DONUT 1: The free market sometimes leads to strange outcomes. Ideally, the market allocates resources to the most useful destinations based on demand. However, not always does the invisible hand of the market tie things up so neatly. Case in point: the imminent destruction of any and all semblance of rationality in college football conferences. To understand the madness, lets follow the money.
DONUT 2: It starts with us, the consumer. Free markets are set up to give us what we want. We reveal our preferences by what we are willing to pay for. We have a preference for college football. We also prefer television. In fact we prefer college football on television so much that broadcasters are willing to pay silly amounts of money to conferences for the exclusive right to carry games on their networks. Conferences with the best football get big, big contracts and the money that flows to the conferences gets passed on to individual schools and their athletic programs. Awash in riches, these programs built lavish facilities, and shower coaches with ridiculous salaries. Mack Brown is the highest-paid public employee in our state. Let that sink in.
DONUT 3: Ironically, those responsible for generating all the spectacular plays that generate the buzz that gets the eyeballs glued to television sets don't see a drop of the river of TV money running through college sports.

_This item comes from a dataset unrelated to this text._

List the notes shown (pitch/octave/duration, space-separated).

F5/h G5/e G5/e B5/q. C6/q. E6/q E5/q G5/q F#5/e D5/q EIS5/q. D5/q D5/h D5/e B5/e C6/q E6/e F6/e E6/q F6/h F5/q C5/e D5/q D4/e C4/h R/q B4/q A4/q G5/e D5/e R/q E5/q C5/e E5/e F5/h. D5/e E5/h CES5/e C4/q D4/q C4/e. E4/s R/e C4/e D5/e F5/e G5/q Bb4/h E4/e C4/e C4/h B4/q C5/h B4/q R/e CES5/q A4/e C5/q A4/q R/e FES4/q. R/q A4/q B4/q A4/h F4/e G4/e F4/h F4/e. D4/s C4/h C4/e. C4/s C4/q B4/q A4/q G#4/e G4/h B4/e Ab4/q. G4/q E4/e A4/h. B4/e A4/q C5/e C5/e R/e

However, paying players is a whole different can of worms and outside the scope of this discussion. Even more ironic: public universities are supposedly ‘not for profit' ventures and therefore are tax-exempt entities.

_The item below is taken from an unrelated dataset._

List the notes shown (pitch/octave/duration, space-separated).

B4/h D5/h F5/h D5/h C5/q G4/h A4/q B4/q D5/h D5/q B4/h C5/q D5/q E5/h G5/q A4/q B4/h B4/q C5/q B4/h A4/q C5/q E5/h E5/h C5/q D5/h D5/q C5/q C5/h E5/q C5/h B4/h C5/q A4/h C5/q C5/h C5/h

DONUT 4: In pursuit of an ever-expanding pile of money, individual colleges are scrambling to form larger and larger athletic conferences with the belief that a ‘Super Conference' will be able to negotiate an even bigger contract with TV networks. However, as Mark Cuban blogged recently, there is a whole slew of unintended consequences that can come from chasing the almighty dollar with no respect for tradition, geographic sensibilities, or the increased demand it will put on those who generate all that money (the players).
DONUT 5: But what set this chain of events in action? It all started in the conference that's about to be no more: The Big XII. A conference that sits in one of the best football regions in the country is on the verge of not having its own regional network for two reasons: 1) The fragile compromise upon which the conference was built, and 2) The heavy-handed dealings of the University of Texas.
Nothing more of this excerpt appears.